Estos esfuerzos reformistas por cambiar la doctrina católica, con el ejemplo actual más explosivo de celebrar la práctica activa de la homosexualidad por darle al cristianismo una forma más acogedora y benévola en la consideración de que no existe nada que pueda en sí mismo clasificarse siempre como malo, constituyen el mayor incentivo al debilitamiento de la religión y de la familia, a considerar el código moral cristiano como un tapiz desfasado y la familia tradicional como algo meramente decorativo. La renuncia de Mons. Benoist de Sinety, vicario general de la archidiócesis de París, amparándose con ambigüedad en el papa Francisco y tergiversando el texto de Doctrina de la Fe, debería señalar con claridad el camino a seguir cuando las opiniones personales prevalecen y entran en contradicción con las enseñanzas de la Iglesia.

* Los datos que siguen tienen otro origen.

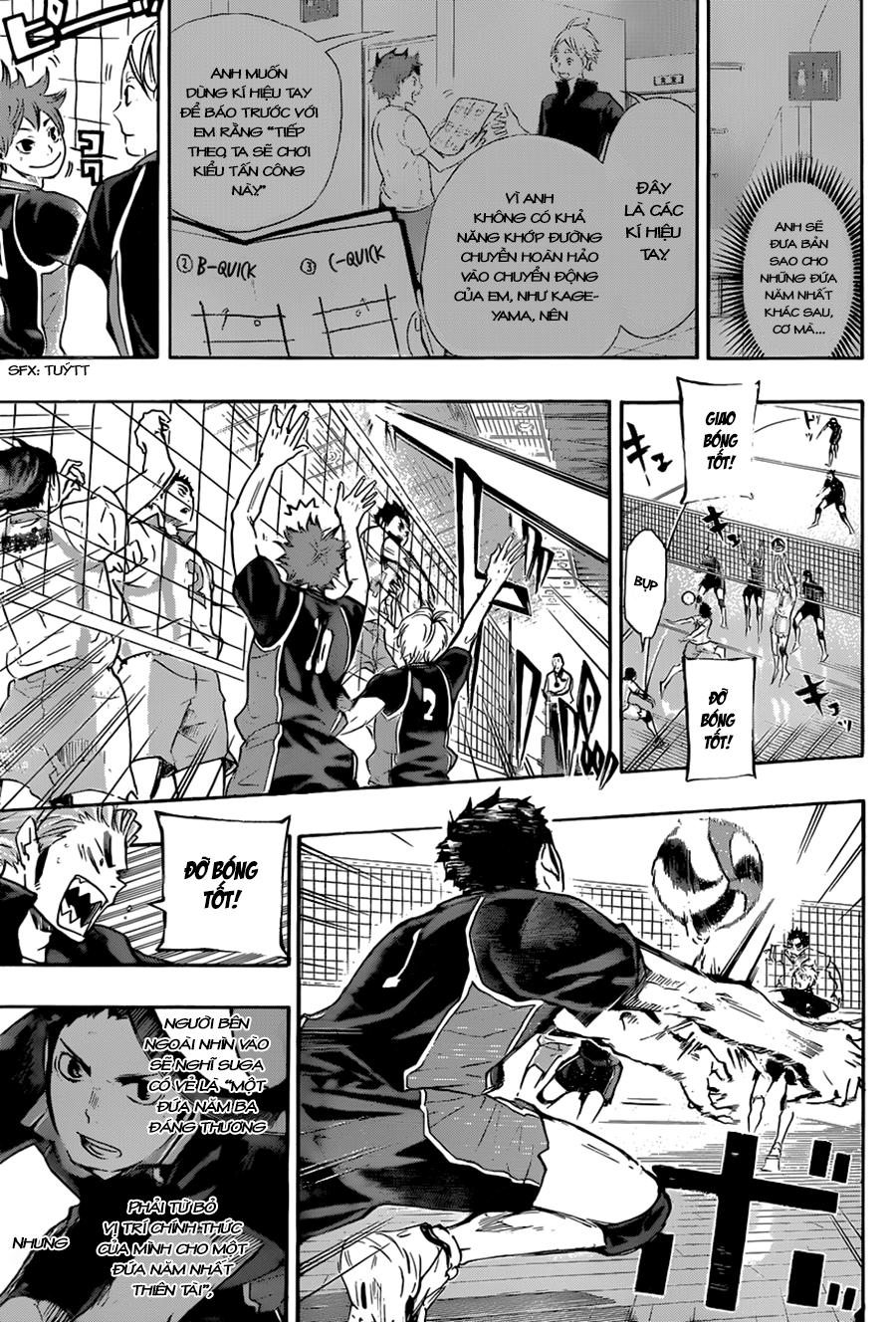Haikyuu Tập 54 trang 18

El resultado de no aceptar límites en la vida humana, a rechazar cualquier fundamento a nuestra vida en común más allá de lo que decidamos en cada momento, al «todo lo que yo quiera, ahora mismo y sin importar cuáles sean las consecuencias», es propio de un individualismo privatizador que reconstruye cualquier realidad desde la manipulación de la voluntad. Así lo dice la filósofa Chantal Delsol: «Cuando nada detiene el deseo, ni la religión, ni la tradición, ni ninguna sabiduría más alta, entonces el daño no está lejos». La relajación de las reglas acelera de modo inexorable el declive de las iglesias que las relajaron, al dejar de proteger a las familias de las que han dependido las iglesias para su reproducción. La manía de retocar la doctrina, que comenzó en la Reforma, ha tenido un evidente efecto colateral: enervar las propias iglesias que han participado en la ruptura. Las ha debilitado no sólo demográfica, sino también económicamente. Las ha paralizado incluso en el sentido más amplio de la misión, contribuyendo a vaciar las iglesias.

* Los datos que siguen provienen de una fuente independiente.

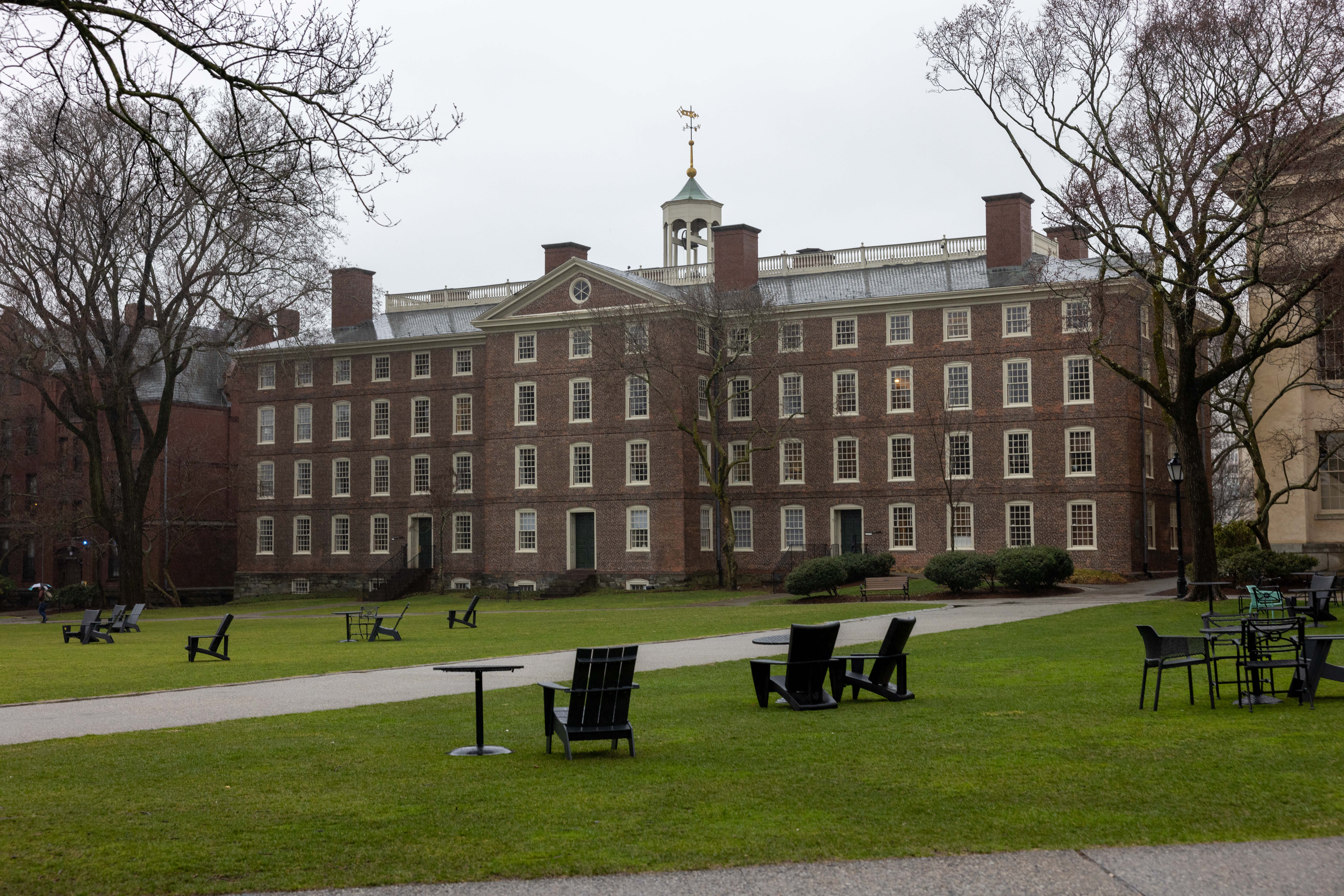 Brown University notified students of an active shooting situation around 4:20 pm Saturday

Creo que el desafío abierto por muchos clérigos hacia las enseñanzas de la Iglesia en cuestiones relativas a la sexualidad, además de suponer un patente abandono de los preceptos expresados por Cristo y los apóstoles, manifiesta un desconcertante furor por la asunción de prácticas y comportamientos capaces de someter la realidad a la ideología, aportando un material emocional que genera más sufrimiento y levanta una barrera aún mayor contra la fe cristiana. Cuando el jesuita pro gay James Martin califica de «especialmente dolorosa» para muchas personas LGBT la declaración de que Dios «no bendice ni puede bendecir el pecado», utiliza el «criterio de los sentimientos heridos» y del emotivismo como una sórdida estrategia de censura contra la enojosa persistencia de las enseñanzas de la Iglesia católica sobre sexualidad y familia, enarbola el patetismo de una pataleta de niño maleducado y consentido a quien arrebatan algo a lo que cree tiene derecho a poseer.

La doctrina católica colapsará mientras se mantenga la estridencia irrefrenable por una concepción revisionista al proyecto inscrito por Dios en la estructura del ser humano, la ausencia de los presupuestos para la complementariedad interpersonal querida por el Creador, la indiferencia ante la verdad del ejercicio de la sexualidad, que exige la dimensión unitiva y procreadora. El peligro y el soberbio afán por destruir la propia realidad desde las legislaciones y el Estado, el odio a la naturaleza humana, la desontologización de la persona y del sexo, es el mayor totalitarismo ideológico en la actualidad al que la Iglesia, lejos de ceder, deberá resistir, custodiando, como siempre lo hizo, un patrimonio que pertenece a toda la humanidad.